Bradycardia and Sinus Arrest: Clinically significant episodes of bradycardia and sinus arrest have occurred in young healthy volunteers with high vagal tone or with different routes of administration, e.g., rapid intravenous or bolus administration.
Hypotension and Bradycardia: Reports of hypotension and bradycardia have been associated with Precedex® infusion. Some of these cases have resulted in fatalities. May necessitate medical intervention. May be more pronounced in patients with hypovolemia, diabetes mellitus, or chronic hypertension and in the elderly. Use with caution in patients with advanced heart block or severe ventricular dysfunction.
Co-administration with other Vasodilators or Negative Chronotropic Agents: Use with caution due to additive pharmacodynamic effects.
Transient Hypertension: Observed primarily during the loading dose. Consider reduction in loading infusion rate.
Arousability: Patients can become aroused/alert with stimulation; this alone should not be considered lack of efficacy.
Prolonged exposure to dexmedetomidine beyond 24 hours may be associated with tolerance and tachyphylaxis and a dose-related increase in adverse events.
Intensive Care Unit Sedation: With administration up to 7 days, regardless of dose, 12 (5%) Precedex® adult subjects experienced at least 1 event related to withdrawal within the first 24 hours after discontinuing study drug and 7 (3%) Precedex® adult subjects experienced at least 1 event 24 to 48 hours after the end of study drug. The most common events were nausea, vomiting, and agitation.
In adult subjects, tachycardia and hypertension requiring intervention in the 48 hours following study drug discontinuation occurred at frequencies of <5%. If tachycardia and/or hypertension occurs after discontinuation of Precedex®, supportive therapy is indicated.
Procedural Sedation: In adult subjects, withdrawal symptoms were not seen after discontinuation of short-term infusions of Precedex® (<6 hours).
Dosage reductions should be considered for adult patients with hepatic impairment and for geriatric patients.
The most common adverse reactions (incidence greater than 2%) are hypotension, bradycardia, and dry mouth. Adverse reactions associated with infusions greater than 24 hours in duration include acute respiratory distress syndrome, respiratory failure, and agitation.
Co-administration of Precedex® with anesthetics, sedatives, hypnotics, and opioids is likely to lead to an enhancement of effects. Specific studies have confirmed these effects with sevoflurane, isoflurane, propofol, alfentanil, and midazolam. No pharmacokinetic interactions between Precedex® and isoflurane, propofol, alfentanil, and midazolam have been demonstrated.
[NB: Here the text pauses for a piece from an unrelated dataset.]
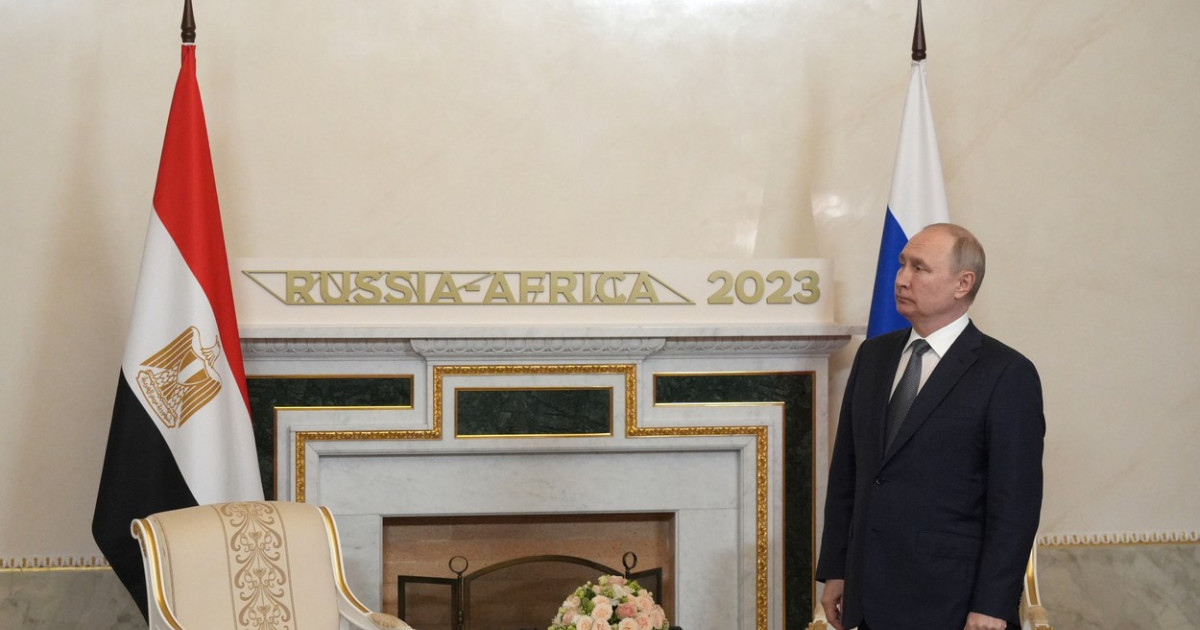 Președintele Egiptului l-a lăsat pe Putin să aștepte. Dictatorul rus s-a plimbat prin cameră și a încercat să-și găsească de lucru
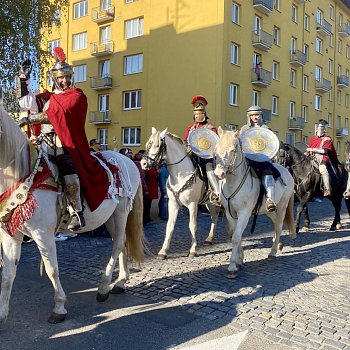 
                                Nedělní historický průvod sv. Martina. FOTO: Pavla Komárková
However, due to possible pharmacodynamic interactions, when co-administered with Precedex®, a reduction in dosage of Precedex® or the concomitant anesthetic, sedative, hypnotic, or opioid may be required.
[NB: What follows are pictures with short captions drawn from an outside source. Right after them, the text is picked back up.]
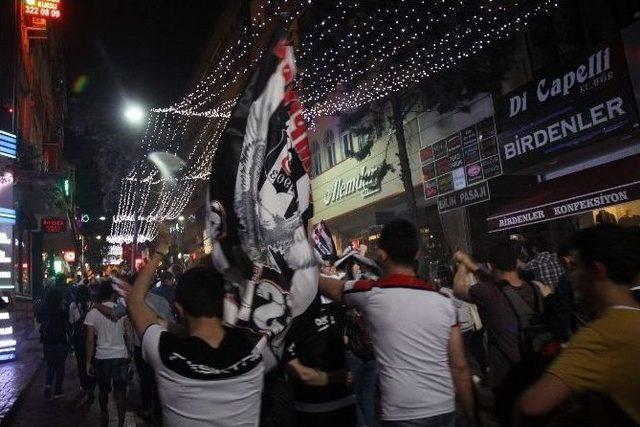 Beşiktaş’ın Şampiyonluk Coşkusu Kocaeli’yi Sardı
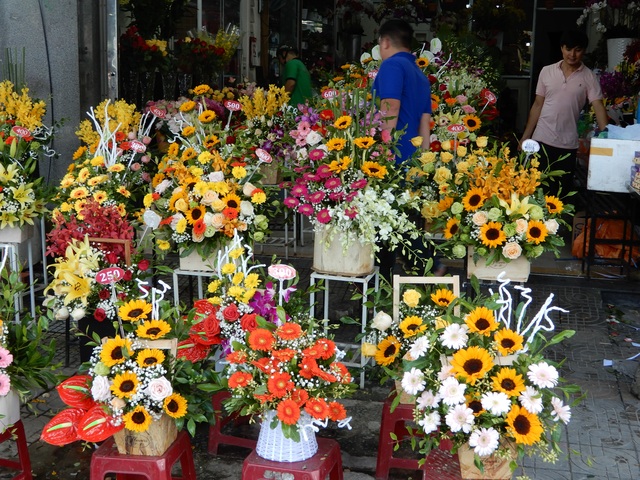Mưa lũ, người bán hoa 20/10 cũng thưa thớt, nhập hàng ít hơn hẳn - 5 Mưa lũ, người bán hoa 20/10 cũng thưa thớt, nhập hàng ít hơn hẳn - 5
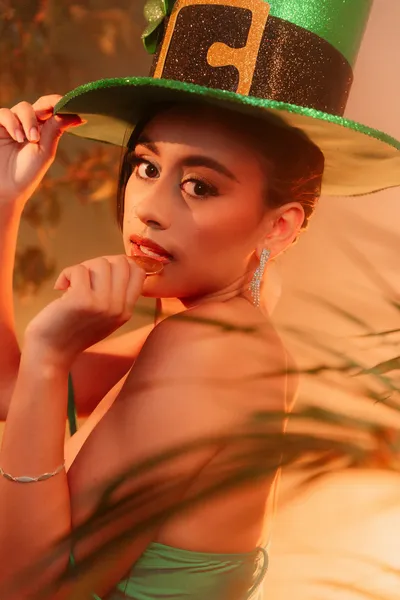 Live sex webcam photo for VioletCamel #6101355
Precedex® (dexmedetomidine hydrochloride) is a relatively selective alpha2-adrenergic agonist indicated for:
- Sedation of initially intubated and mechanically ventilated patients during treatment in an intensive care setting. Administer Precedex® by continuous infusion not to exceed 24 hours.
- Sedation of non-intubated patients prior to and/or during surgical and other procedures.